I’m not the only one who’s hit this as you can see from this post in the Dotfuscator forums.  Unfortunately, I couldn’t find a workaround other than removing the use of the dynamic keyword.

Background Transfer Download Sample For C# In Windows 8

September 27 2011
Was hitting buffer limits with the HttpClient even when I set the MaxResponseContentBufferSize property.  I even tried to get around the buffer problem by manually reading each byte out of the stream into my own byte array but still no luck. Then I found the Javascript sample for the Background Downloader:
I realized I could use it from managed code too using the Windows.Networking.BackgroundTransfer namespace.  Check out the code -- much niftier than the HttpClient. The code is pretty straight forward: 
StorageFolder localFolder = KnownFolders.MusicLibrary; 
StorageFile sampleFile = await localFolder.CreateFileAsync("my.mp3", CreationCollisionOption.ReplaceExisting);
var downloader = new BackgroundDownloader() 

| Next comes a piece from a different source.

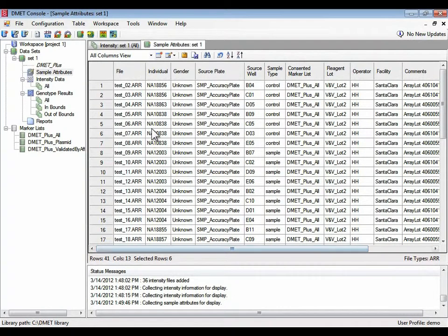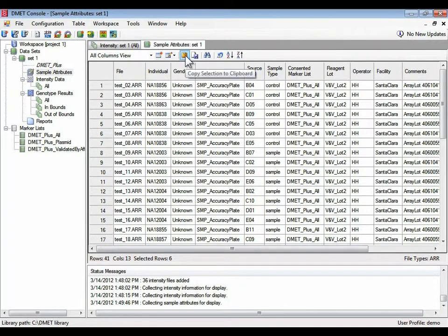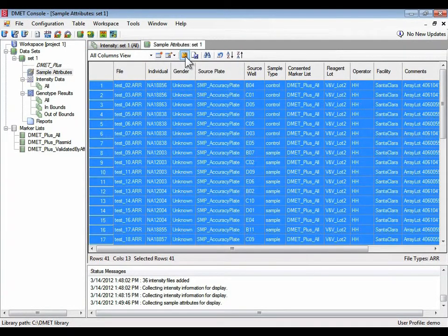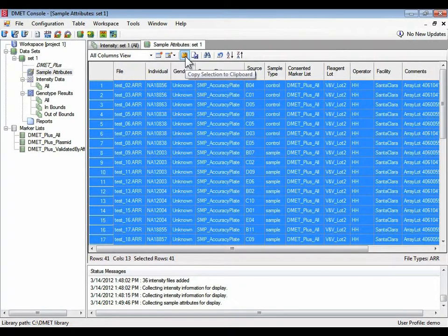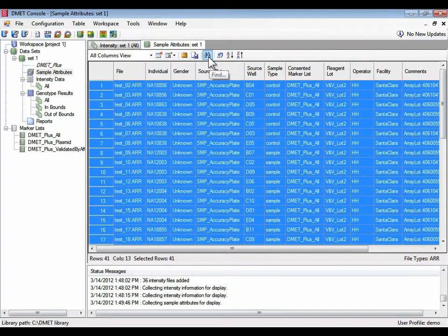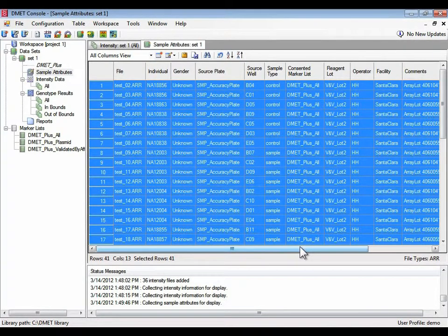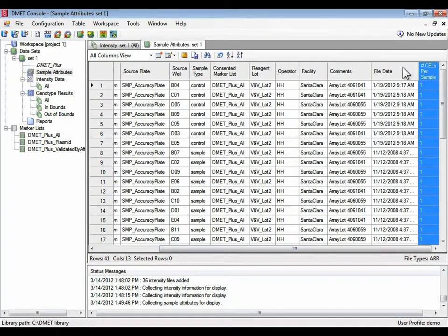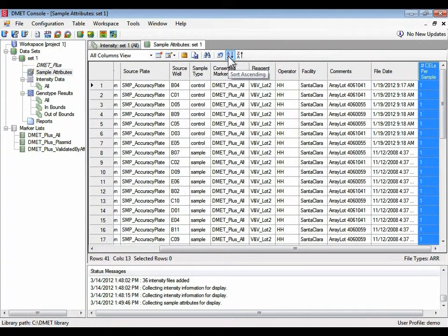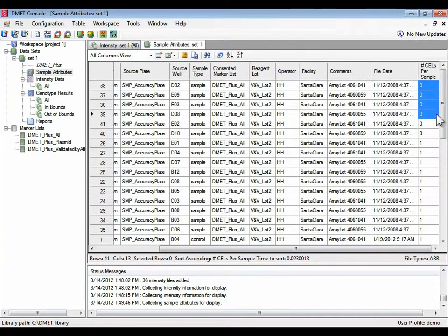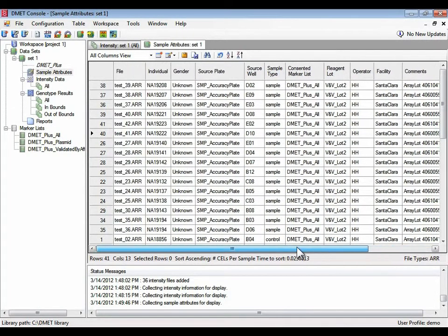I'm playing around in this table. I just want to point out some other things you can do with this table. You can basically copy this information to another source by either copying it directly to the clipboard, you can save the entire table to a file, you can search for information, or you can do sorting. So if I wanted to find quickly the samples that were missing cell files, I could sort in ascending order on the column that I selected, and that will highlight those quickly.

d = downloader.StartDownloadAsync(
new Uri("http://linkto.mp3", UriKind.Absolute), sampleFile);
What's nifty is that once you pass the handle to the IStorageFile, all the i/o as far as saving the file gets handled for you. And, you can queue them up, so your app can start downloading n number of files and the BackgroundDownloader handles it all for you.
There are Progress and Completed events wired up to the DownloadOperation although I can't quite figure out how to wire them up -- don't see any sample code and I can't seem to get the signature of the method handler right. It wants to be an AsyncActionProgressHandler with the BackgroundDownloadProgress type as its parameter, but when I create a method with that signature, the compiler isn't happy. I'm having the same problem with the Completed handler as well -- if anyone figures out how to do it in C# (its simple in Javascript, thanks to the promise object!) let me know!